Finalement, la France participera à l'initiative de la République tchèque, qui entend jouer les intermédiaires pour des pays européens qui souhaitent acquérir des obus produits hors d'Europe, puis les fournir à l'Ukraine. « L'initiative prise par la République tchèque en matière de munitions est un complément important auquel nous adhérons et donc nous allons travailler ensemble, a annoncé mardi Emmanuel Macron lors de sa visite à Prague. (...) C'est l'illustration d'un volontarisme et d'un pragmatisme ». En dépit des doutes sur les quantités d'obus identifiées par la République tchèque et la volonté du chef de l'État français de privilégier la base industrielle et technologique de défense européenne (BITDE), le pragmatisme l'a finalement emporté pour aider à tout prix l'Ukraine, dans une période difficile, à résister à l'agression russe.
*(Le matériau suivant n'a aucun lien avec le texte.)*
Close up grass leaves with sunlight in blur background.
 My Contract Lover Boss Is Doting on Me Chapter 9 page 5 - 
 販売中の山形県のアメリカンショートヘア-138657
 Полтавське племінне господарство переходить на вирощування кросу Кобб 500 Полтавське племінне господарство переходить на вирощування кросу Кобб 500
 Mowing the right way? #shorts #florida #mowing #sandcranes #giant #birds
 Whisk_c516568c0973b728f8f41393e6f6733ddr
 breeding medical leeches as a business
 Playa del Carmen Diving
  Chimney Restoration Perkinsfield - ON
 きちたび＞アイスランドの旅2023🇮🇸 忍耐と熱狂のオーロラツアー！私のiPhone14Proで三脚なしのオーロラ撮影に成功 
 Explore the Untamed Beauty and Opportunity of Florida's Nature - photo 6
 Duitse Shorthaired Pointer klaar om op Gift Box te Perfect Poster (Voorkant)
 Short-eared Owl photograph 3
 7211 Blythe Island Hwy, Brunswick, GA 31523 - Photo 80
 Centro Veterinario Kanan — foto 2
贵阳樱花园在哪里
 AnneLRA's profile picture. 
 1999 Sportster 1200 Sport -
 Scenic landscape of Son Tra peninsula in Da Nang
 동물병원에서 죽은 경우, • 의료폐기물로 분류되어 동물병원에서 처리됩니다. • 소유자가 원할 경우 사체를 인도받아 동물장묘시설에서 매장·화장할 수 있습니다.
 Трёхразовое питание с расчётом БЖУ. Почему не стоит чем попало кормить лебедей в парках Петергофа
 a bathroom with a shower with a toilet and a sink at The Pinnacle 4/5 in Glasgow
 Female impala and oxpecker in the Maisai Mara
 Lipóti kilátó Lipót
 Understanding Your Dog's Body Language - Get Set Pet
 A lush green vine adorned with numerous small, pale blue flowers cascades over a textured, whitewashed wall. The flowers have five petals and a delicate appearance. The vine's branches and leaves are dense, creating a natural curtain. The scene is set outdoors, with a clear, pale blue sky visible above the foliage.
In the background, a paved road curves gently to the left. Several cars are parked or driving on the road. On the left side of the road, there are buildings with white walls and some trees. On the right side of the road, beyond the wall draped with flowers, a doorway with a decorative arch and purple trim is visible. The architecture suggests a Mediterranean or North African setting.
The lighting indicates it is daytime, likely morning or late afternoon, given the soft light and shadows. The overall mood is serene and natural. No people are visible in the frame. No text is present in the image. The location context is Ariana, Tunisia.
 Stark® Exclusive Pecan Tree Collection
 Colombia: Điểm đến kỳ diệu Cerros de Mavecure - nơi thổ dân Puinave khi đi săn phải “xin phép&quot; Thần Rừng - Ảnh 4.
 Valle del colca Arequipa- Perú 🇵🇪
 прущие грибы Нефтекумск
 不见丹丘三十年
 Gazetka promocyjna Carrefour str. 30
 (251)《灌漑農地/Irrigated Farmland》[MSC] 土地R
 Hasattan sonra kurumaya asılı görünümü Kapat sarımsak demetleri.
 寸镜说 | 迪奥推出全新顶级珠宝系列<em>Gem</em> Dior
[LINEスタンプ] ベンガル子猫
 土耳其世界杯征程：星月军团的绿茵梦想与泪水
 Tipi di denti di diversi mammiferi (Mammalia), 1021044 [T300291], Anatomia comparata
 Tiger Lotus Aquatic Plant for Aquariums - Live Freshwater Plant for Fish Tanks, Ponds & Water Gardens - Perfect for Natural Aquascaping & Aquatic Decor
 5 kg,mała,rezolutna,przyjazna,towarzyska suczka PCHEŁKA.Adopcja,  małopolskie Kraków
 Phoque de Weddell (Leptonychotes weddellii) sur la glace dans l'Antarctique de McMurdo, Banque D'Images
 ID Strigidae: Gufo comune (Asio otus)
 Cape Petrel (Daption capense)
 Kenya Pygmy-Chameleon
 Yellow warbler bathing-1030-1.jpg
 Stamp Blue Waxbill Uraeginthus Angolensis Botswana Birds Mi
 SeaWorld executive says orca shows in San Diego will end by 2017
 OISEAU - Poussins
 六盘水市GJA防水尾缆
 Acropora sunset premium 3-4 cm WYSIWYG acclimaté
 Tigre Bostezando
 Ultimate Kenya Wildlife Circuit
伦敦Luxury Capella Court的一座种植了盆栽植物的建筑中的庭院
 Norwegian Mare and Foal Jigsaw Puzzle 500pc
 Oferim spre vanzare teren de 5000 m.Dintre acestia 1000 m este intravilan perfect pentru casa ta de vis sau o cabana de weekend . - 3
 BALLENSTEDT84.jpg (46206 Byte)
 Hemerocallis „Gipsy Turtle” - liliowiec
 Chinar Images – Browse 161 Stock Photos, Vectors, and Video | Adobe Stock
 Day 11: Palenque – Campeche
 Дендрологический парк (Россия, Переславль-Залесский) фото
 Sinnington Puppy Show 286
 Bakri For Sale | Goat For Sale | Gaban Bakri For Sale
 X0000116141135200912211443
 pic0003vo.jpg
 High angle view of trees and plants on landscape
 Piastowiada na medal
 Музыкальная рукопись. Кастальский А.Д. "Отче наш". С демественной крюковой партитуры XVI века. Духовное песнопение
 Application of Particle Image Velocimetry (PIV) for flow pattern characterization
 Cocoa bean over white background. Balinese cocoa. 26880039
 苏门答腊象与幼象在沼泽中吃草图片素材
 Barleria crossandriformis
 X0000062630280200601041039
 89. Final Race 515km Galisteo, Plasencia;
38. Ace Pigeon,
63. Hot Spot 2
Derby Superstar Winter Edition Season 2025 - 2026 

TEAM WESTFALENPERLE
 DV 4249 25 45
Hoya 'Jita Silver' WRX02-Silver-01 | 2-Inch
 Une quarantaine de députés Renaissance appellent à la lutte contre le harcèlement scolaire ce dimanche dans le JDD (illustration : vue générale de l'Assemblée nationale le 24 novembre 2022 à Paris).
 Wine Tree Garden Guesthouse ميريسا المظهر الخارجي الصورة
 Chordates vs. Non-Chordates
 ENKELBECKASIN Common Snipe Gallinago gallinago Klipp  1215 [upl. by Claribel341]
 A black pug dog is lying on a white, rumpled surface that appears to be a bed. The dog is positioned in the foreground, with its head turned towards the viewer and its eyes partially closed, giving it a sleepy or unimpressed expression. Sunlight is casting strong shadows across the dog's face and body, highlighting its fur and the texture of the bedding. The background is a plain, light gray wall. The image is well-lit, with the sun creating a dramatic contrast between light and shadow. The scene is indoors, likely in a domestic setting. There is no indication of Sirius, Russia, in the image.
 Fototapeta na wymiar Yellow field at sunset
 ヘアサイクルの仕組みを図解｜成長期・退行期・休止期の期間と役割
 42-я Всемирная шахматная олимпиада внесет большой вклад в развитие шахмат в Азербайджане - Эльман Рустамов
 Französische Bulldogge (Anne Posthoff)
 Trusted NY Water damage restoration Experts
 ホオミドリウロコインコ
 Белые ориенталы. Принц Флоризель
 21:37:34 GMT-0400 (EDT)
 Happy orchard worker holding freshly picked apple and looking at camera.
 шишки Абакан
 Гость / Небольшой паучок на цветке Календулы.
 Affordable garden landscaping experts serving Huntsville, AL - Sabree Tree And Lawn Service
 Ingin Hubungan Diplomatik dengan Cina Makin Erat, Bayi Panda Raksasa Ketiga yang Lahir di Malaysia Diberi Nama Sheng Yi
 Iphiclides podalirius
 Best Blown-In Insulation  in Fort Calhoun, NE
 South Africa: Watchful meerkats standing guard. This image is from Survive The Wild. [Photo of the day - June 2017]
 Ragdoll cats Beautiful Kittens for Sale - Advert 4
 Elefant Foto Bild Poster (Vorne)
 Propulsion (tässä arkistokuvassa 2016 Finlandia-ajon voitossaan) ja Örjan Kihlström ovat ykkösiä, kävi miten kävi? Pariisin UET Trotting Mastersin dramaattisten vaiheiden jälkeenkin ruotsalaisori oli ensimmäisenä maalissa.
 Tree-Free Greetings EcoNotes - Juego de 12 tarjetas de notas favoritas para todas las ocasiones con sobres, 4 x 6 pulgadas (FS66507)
« L'initiative tchèque est extrêmement utile, nous la soutenons, nous y participerons. Elle consiste à aller chercher des munitions partout où elles sont disponibles, compatibles avec les équipements que nous avons livrés », a expliqué Emmanuel Macron.
5.000 obus par jour
Les ministres de la défense vont poursuivre les travaux pour trouver des solutions très rapidement et coordonner toutes les initiatives similaires lancées par plusieurs pays européens. « Nous avons commencé des travaux qui étaient jusqu'alors conduits séparément, et là c'est un travail de mutualisation de plus grande efficacité », a expliqué mardi Emmanuel Macron. Pourquoi ce pragmatisme ? « Les besoins de l'Ukraine sont d'un tel niveau qu'il faut aller chercher maintenant au-delà de ce que nous pouvons produire et de ce que nous avons en stock, c'est le sens de cette initiative. Il faut aussi aller chercher vers des pays tiers non-européens des capacités restantes pour faire face aux besoins de court terme en termes de munitions à l'Ukraine », a précisé le président français. Car les forces ukrainiennes consomment 5.000 obus environ par jour.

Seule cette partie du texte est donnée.